Did you know that as early as 1501, Portuguese explorers enslaved 50 Amerindian men and women in Newfoundland and Labrador?  In 1619, slavery began in North America with the arrival in Jamestown, Virginia of a Dutch slave trading ship carrying 20 Africans.  Not too long after that, in 1628, a six-year-old boy from Madagascar is the first Black person to appear in records as being brought directly from Africa and sold as a slave in New France for 50 crowns. He is later baptized and given the name Olivier Le Jeune.

Today in 1830 marks the day that Josiah Henson, his wife and four children moved from Maryland to Upper Canada (now Ontario) via the Underground Railway. If you don’t remember the name, perhaps you know his story.  It is thought that Harriet Beecher Stowe modelled her story in Uncle Tom’s Cabin on his life.  The book, by the way, that Abraham Lincoln said started the U.S. Civil War, was published on March 20, 1852.

Photo of Josiah Henson

Josiah Henson in 1877

Henson was born on June 15, 1789 in Charles County, Maryland; he died on May 5, 1883, at the age of 93 in Dresden, Ontario.

In 1793,  Lieutenant-Governor John Graves Simcoe passed “An Act to prevent further introduction of Slaves, and to limit the Term of Contracts for Servitude within this Province.” The legislation did not immediately end slavery, but it did prevent the importation of slaves, meaning that any U.S. slave who set foot in what would eventually become Ontario, was free.

When he arrived in Upper Canada with his family, he founded a settlement and laborer’s school for other fugitive slaves at Dawn, Upper Canada. By the time Henson arrived, others had already made Upper Canada home, including Black Loyalists from the American Revolution, and refugees from the War of 1812.

He first worked on farms near Fort Erie, then Waterloo, moving with friends to Colchester by 1834 to set up a Black settlement on rented land.
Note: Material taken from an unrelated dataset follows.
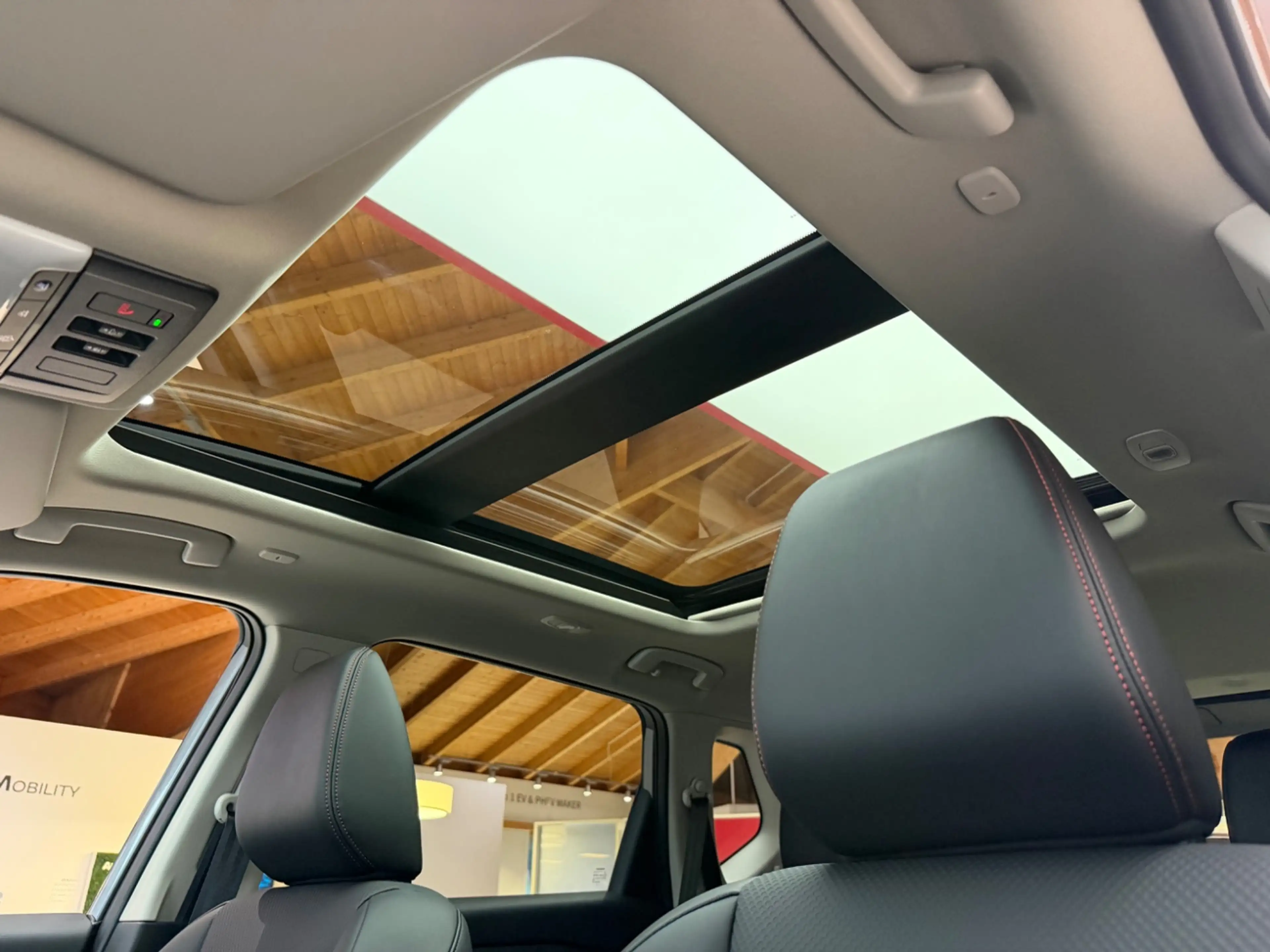 Nissan X-Trail 1.5 VC-T e-Power e-4orce N-Trek 360+ACC — photo 21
Through contacts and financial help there, he was able to buy 200 acres (0.81 km2) in Dawn Township, in next-door Kent County, to realize his vision of a self-sufficient community. The Dawn Settlement eventually prospered, reaching a population of 500 at its height, and exporting black walnut lumber to the United States and Britain. Henson purchased an additional 200 acres (0.81 km2) next to the Settlement, where his family lived. Henson also became an active Methodist preacher, and spoke as an abolitionist on routes between Tennessee and Ontario. He also served in the Canadian army as a military officer, having led a Black militia unit in the Rebellion of 1837.

He traveled to England three times to raise money for the settlement, and he met Queen Victoria in 1877. After his first wife’s death, Henson married Nancy Gamble, a widowed free black woman, in 1856.

Though many residents of the Dawn Settlement returned to the United States after slavery was abolished there, Henson and his wife continued to live in Dawn for the rest of their lives.

Lieutenant-Governor John Graves Simcoe may have passed the Act that ensured freedom for so many, but Josiah Henson certainly helped many blacks achieve success after slavery. To read more about Henson, I suggest the following sites: Documenting the American South, and Dictionary of Canadian Biography. There’s a 5-page biography at Digital History (I suggest looking around this site as it has so much information!) Two legacies are  National Historic Person plaque, and cemetery photo near Dresden, Ontario and Uncle Tom’s Cabin Historic Site, also near Dresden, Ontario.  You may also like to read Henson’s autobiography  The Life of Josiah Henson: Formerly a Slave, Now an Inhabitant of Canada and the free Kindle version of Uncle Tom’s Cabin.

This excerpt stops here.